START SUPPLIED INFORMATION
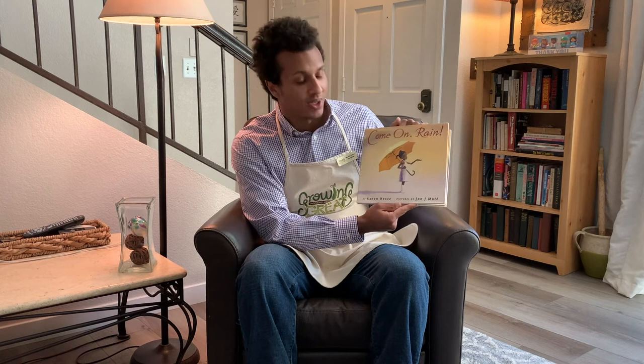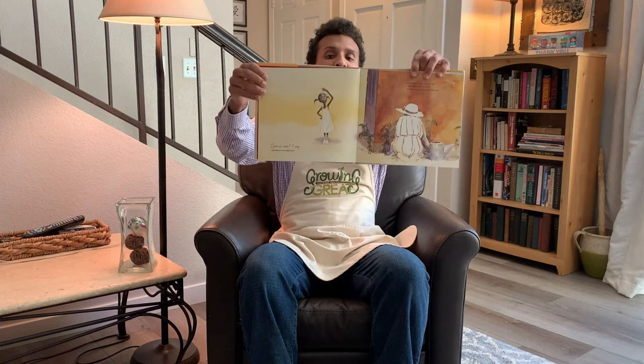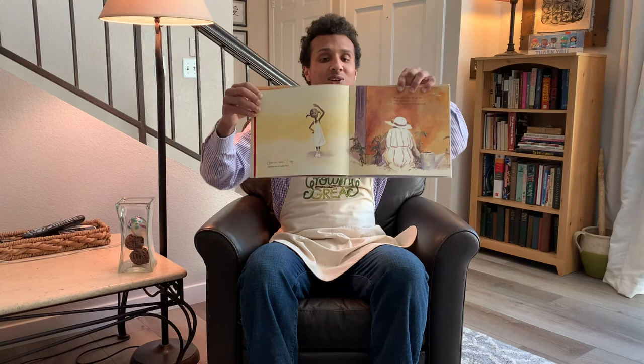Right off the bat we can see from the cover that the artwork in this book is going to be done in watercolors, which is John J. Muth's go-to format. It's really cool because I don't see too many books done like that. Early on in the book we can see our young main character Tess looking up at the sweltering sun, just begging for some rain — as are her mother's vegetables.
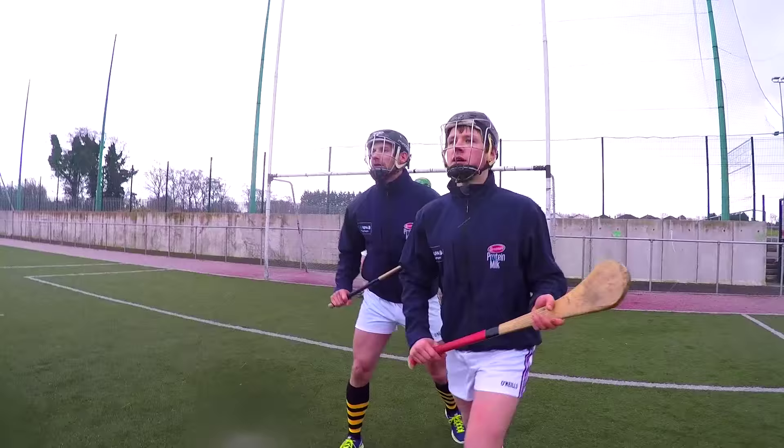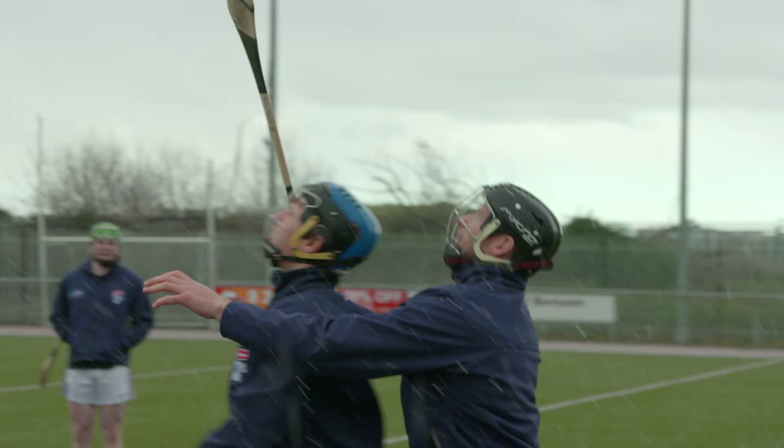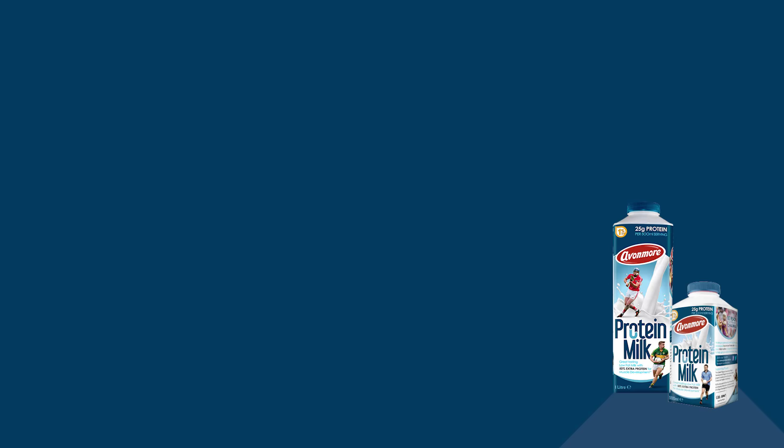If you're in a good body position, you'll be able to handle it under pressure, because there are guys coming left, right and centre and there'll be people shouting. At least you can see where the man is, you can see where the ball is, and you can call the shots from there.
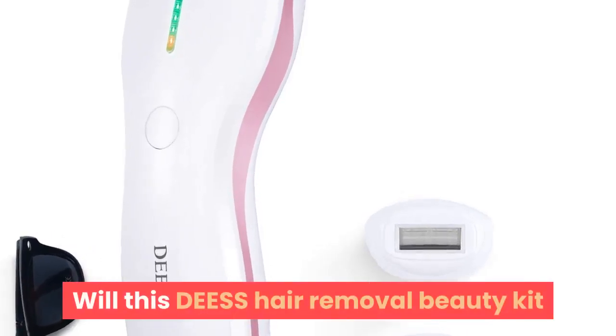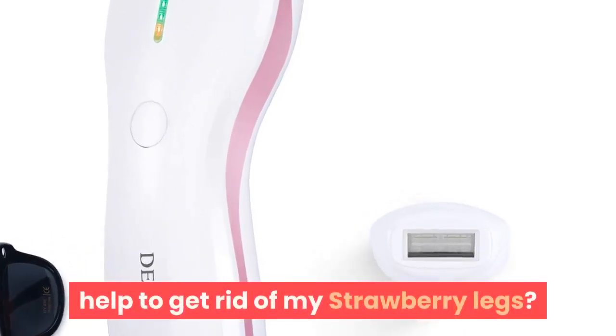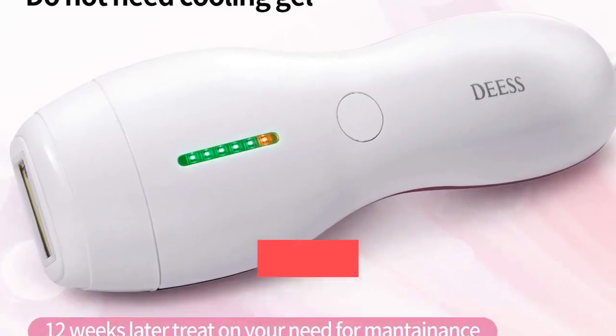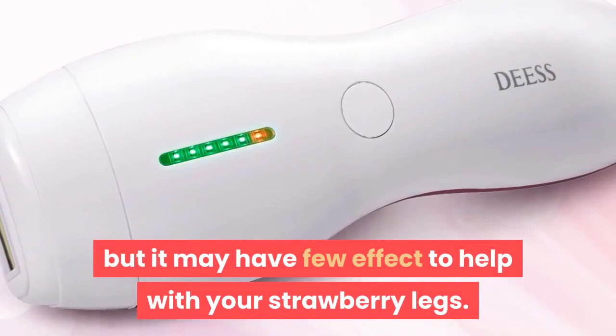Will this DEESS hair removal beauty kit help to get rid of my strawberry legs? It will help with hair reduction, but it may have little effect on strawberry legs.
END SUPPLIED INFORMATION
DIRECTIONS -> The response must match the listing exactly, except that pictures are removed.

REPLY TO THE EXERCISE ->
Right off the bat we can see from the cover that the artwork in this book is going to be done in watercolors, which is John J. Muth's go-to format. It's really cool because I don't see too many books done like that. Early on in the book we can see our young main character Tess looking up at the sweltering sun, just begging for some rain — as are her mother's vegetables.
If you're in a good body position, you'll be able to handle it under pressure, because there are guys coming left, right and centre and there'll be people shouting. At least you can see where the man is, you can see where the ball is, and you can call the shots from there.
Will this DEESS hair removal beauty kit help to get rid of my strawberry legs? It will help with hair reduction, but it may have little effect on strawberry legs.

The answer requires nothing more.